Start by finely dicing the onions, and prepare the lamb (or beef) by cutting it into small cubes (maximum ¼ inch in size)
In a soup pot, heat the olive oil. Then, sear the lamb on medium high heat until its nicely browned. If it starts to steam and release water (due to overcrowding), simply allow the water to cook off until the meat starts to brown
Next, add the finely diced onions to the pot and continue to cook the onions with the lamb, until the onions are translucent and lightly golden. This will take 5-7 minutes
Add the diced garlic and cook until aromatic (about 1 minute)
Next, add the spices and cook for 2 minutes. Then, add the tomato paste and allow it to cook and caramelize for 2 minutes.
Add the beef stock to the pot, along with the washed and drained brown lentils. Cover the pot and allow it to cook for 15 minutes.
While the soup is cooking, prepare the salsa mixture by blending together the tomatoes, celery, and parsley or cilantro (whichever one you are using) in a blender.
After 15 minutes, pour the tomato salsa back into the soup pot, and add the washed and drained chickpeas. Cover and allow to cook for another 10 minutes.

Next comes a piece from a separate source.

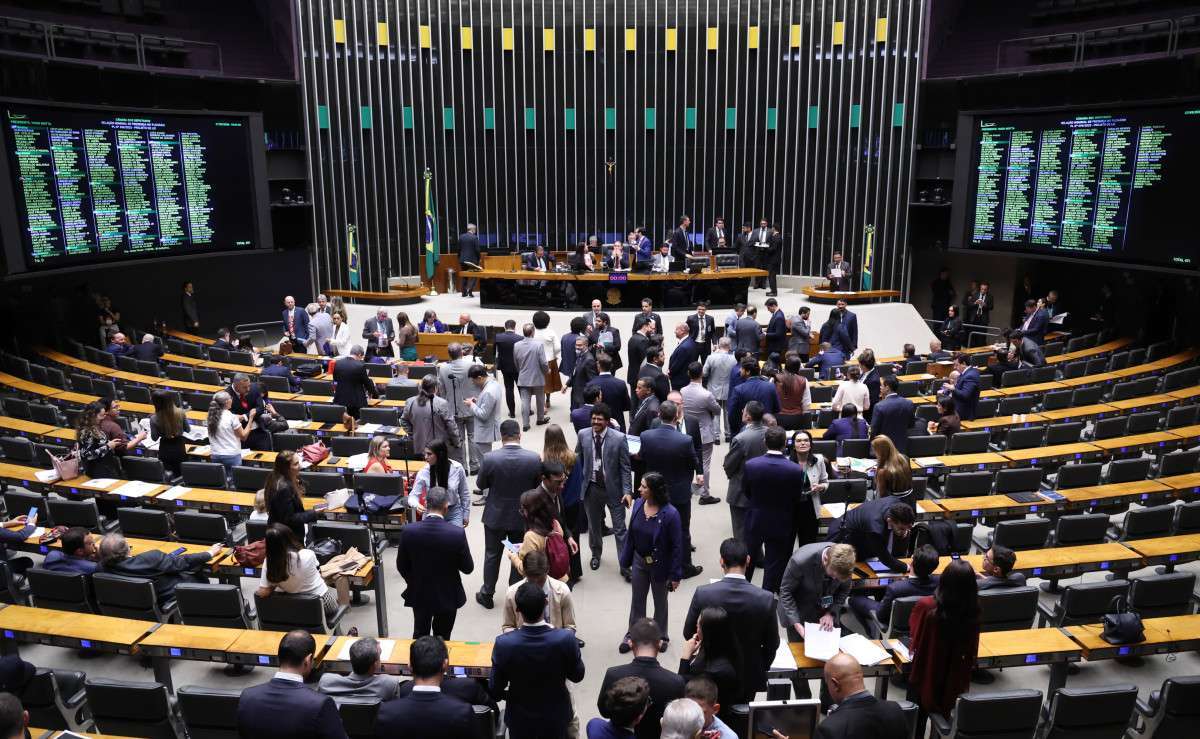 Discussão e Votação de propostas legislativas/Kayo Magalhães / Câmara dos Deputados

Lastly, taste the soup and adjust the seasoning if required. Then, add the vermicelli noodles and flour and cook the soup a further 10 minutes until the noodles soften and plump up.
Serve the soup hot, with more parsley/cilantro for garnish and lemon slices for a final squeeze of lemon. Enjoy!
If freezing, portion out desired amount prior to adding noodles.